*Your task*: Every line of the material is to be quoted verbatim, minus the pictures.

*Data excerpt*:
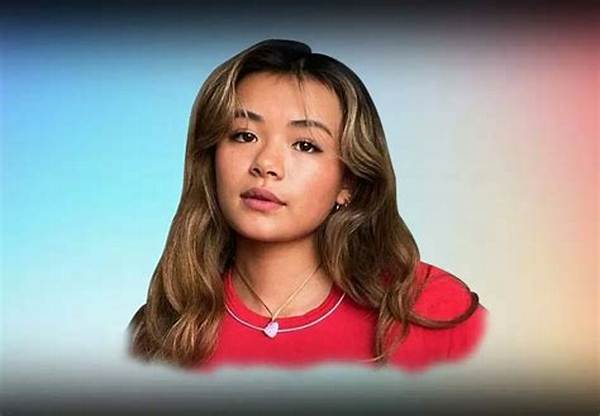 Ashley Del Mundo - Net Worth, Age, Height, Birthday, Bio, Wiki!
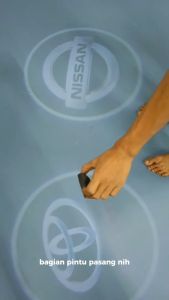 Premium USB lampu logo PINTU mobil LED USB CHARGING Transformer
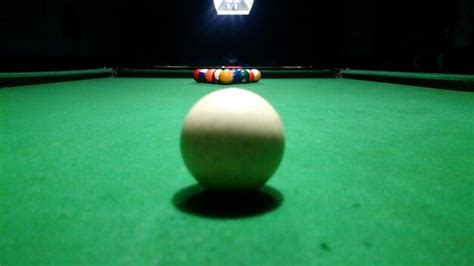 Premium Photo | Pool balls arranged on table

*Reply*:
 Ashley Del Mundo - Net Worth, Age, Height, Birthday, Bio, Wiki!
 Premium USB lampu logo PINTU mobil LED USB CHARGING Transformer
 Premium Photo | Pool balls arranged on table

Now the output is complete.